This is the first post in a new regular series. We’re delighted to have Aran Rees join our blogging team – we hope you enjoy his fortnightly musings on creativity, innovation and whatever else happens to pop into his head at any given time.
I like to think of myself as a student of creativity, innovation, collaboration and problem solving, with a minor in all things interesting. But there’s a problem with the word ‘student’; it implies engagement with a formal learning process; enrolment in a college or university, attending classes, taking exams! Grades…

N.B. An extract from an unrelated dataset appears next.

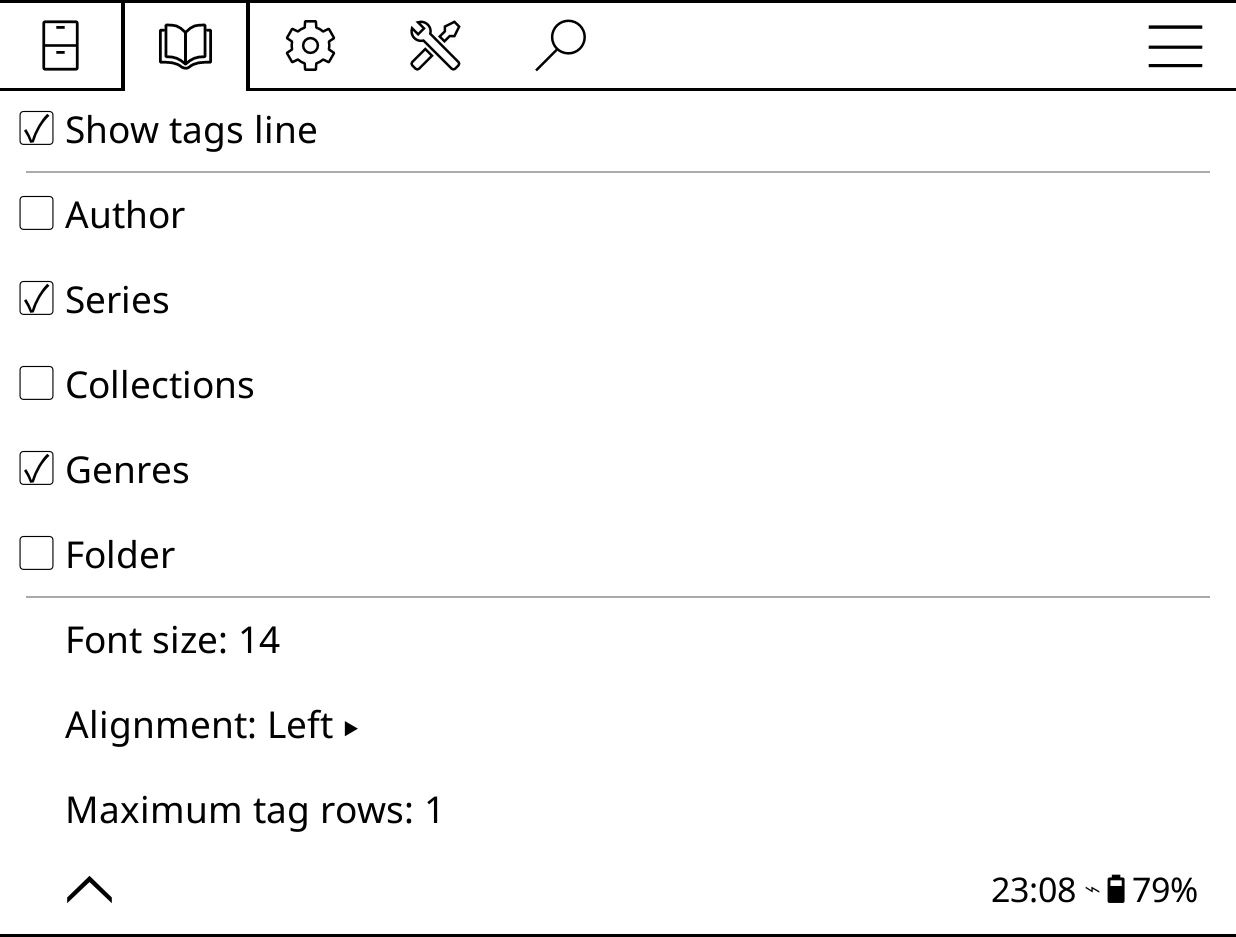Edit top panel content > Tags (interactive)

I want to be clear, while formal, academic learning is all well and good, if it makes up more than 10% of the learning in your life and you’re over the age of 16, with very few exceptions, you’re doing it wrong.
The hope is that these posts will begin to coalesce around a set of themes, and the above mini-rant brings me to my first which can be summed up in one word: [highlight]autodidact[/highlight].

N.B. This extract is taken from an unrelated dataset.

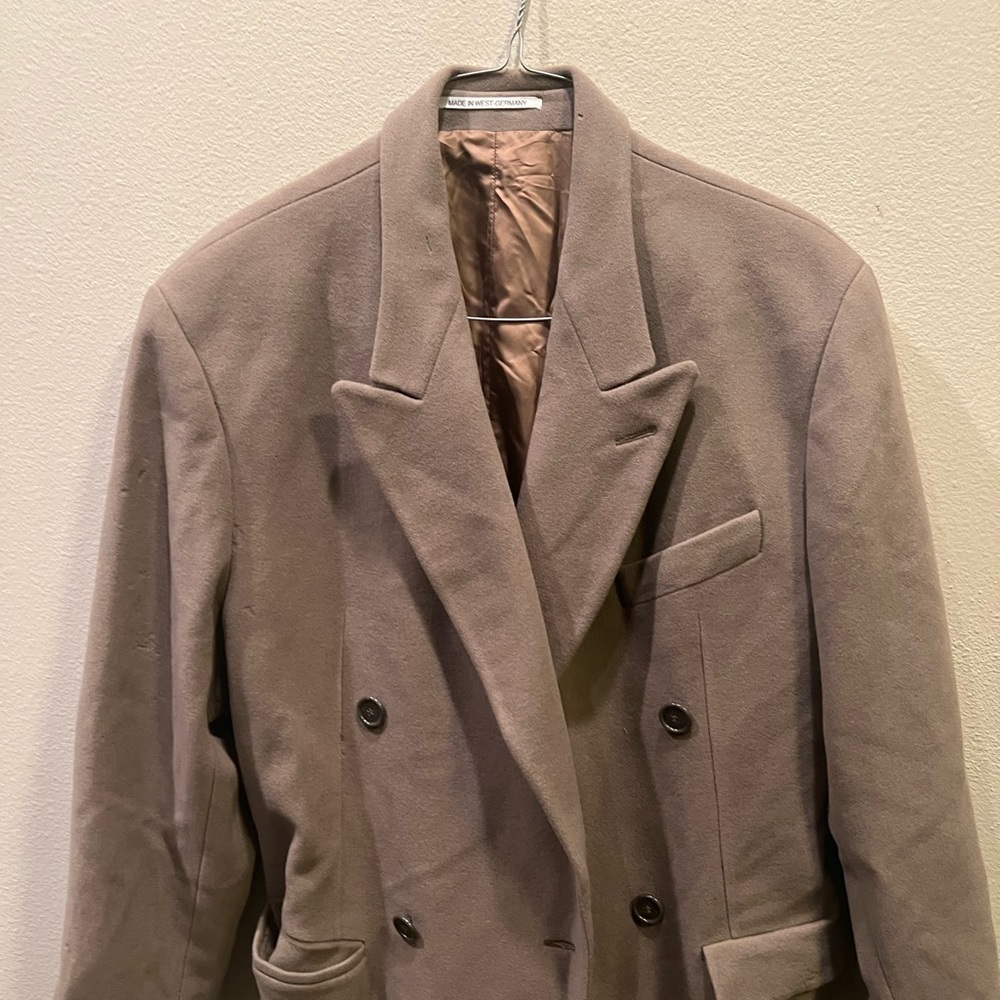 Vintage BOSS Hugo Boss Virgin Wool Long Double Breasted Trench Coat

It’s a great word, isn’t it? It means someone who is self taught. It’s one of my favourite words (along with pronking, nipperkin, memetic, niblings and qualm) because, a) it’s fun to say and b) the concept is at the same time anachronistic and absolutely of the moment.
It’s like an internet enabled washboard that tweets how much laundry you’re doing…Patent pending…

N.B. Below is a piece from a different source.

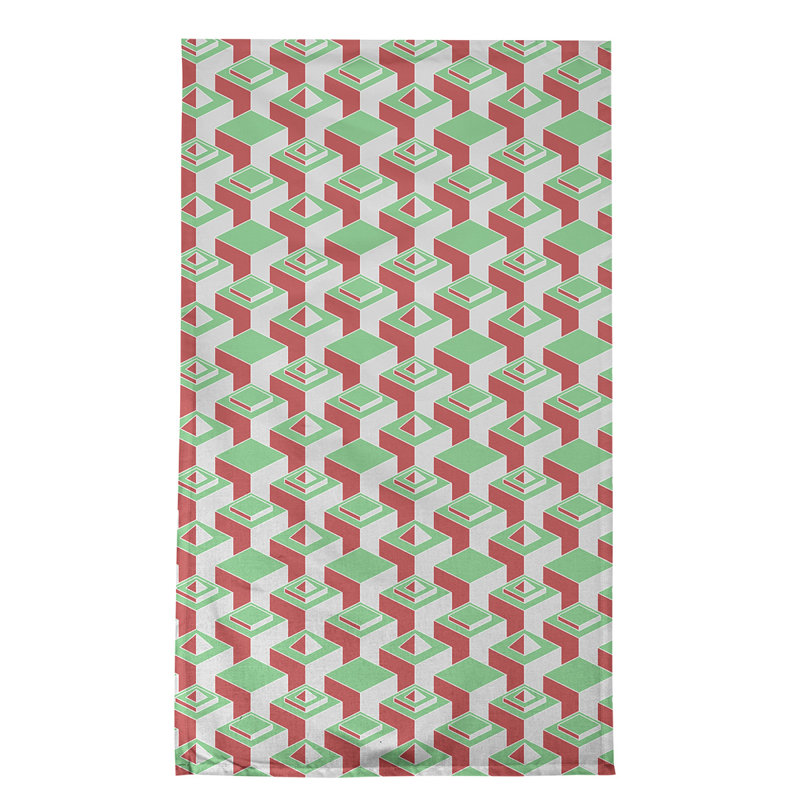 Patricia Geoffrey Tea Towel Kitchen Towel, Green/Pink, Cotton Twill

It’s an idea which was once seen as the pinnacle of self fulfilment; an autodidact was a great thinker who followed his own intellectual path, not meekly treading the paths worn smooth by generations past. These days great stock is placed in collecting certificates and diplomas, learning yesterday’s lessons. Autodidacts are amateurs, tinkerers, craftsmen and traders, and they’re entrepreneurs; no longer the intellectual elite according to modern values. Which is a shame, because we need more of them and you need to become one.
Creativity is a learning process. When we engage in creativity we are attempting to bring about change in an environment of uncertainty and we can’t achieve that without learning – you bring about a change only by changing yourself.
(I’m really deep).
Like all forms of learning creativity requires fun, humour, absurdity, provocations and constructive confrontation, as well as curiosity for its own sake and it follows that any creativity which is dependent on directed learning, formal learning, can only lead to inauthentic and unoriginal ideas. After all, how can you expect to arrive at a different destination if you’re following the same road? So if you aim to be creative in a way which is valuable, wherein your output contains some degree of newness, you must become an autodidact!
This is where the minor comes in. I said above that I study a minor in all things interesting (please excuse the Americanism but I don’t know a more English equivalent) and I didn’t do that entirely to appear more well rounded, that’s just a bonus. Whatever you do, if you’re a teacher, a doctor, a mechanic, a sports coach or a wedding caterer, you’ll only be able to break out of the obvious by following what interests you and directing your own learning towards it. If you’re so narrowly specialised, even specialising in the act of creativity, you’ll never find new connections. You’ll be an expert in a dead subject.
And this is why I’m here. My hope is that these posts will be a learning experience for me and, in the best of all possible worlds, for those who read them too.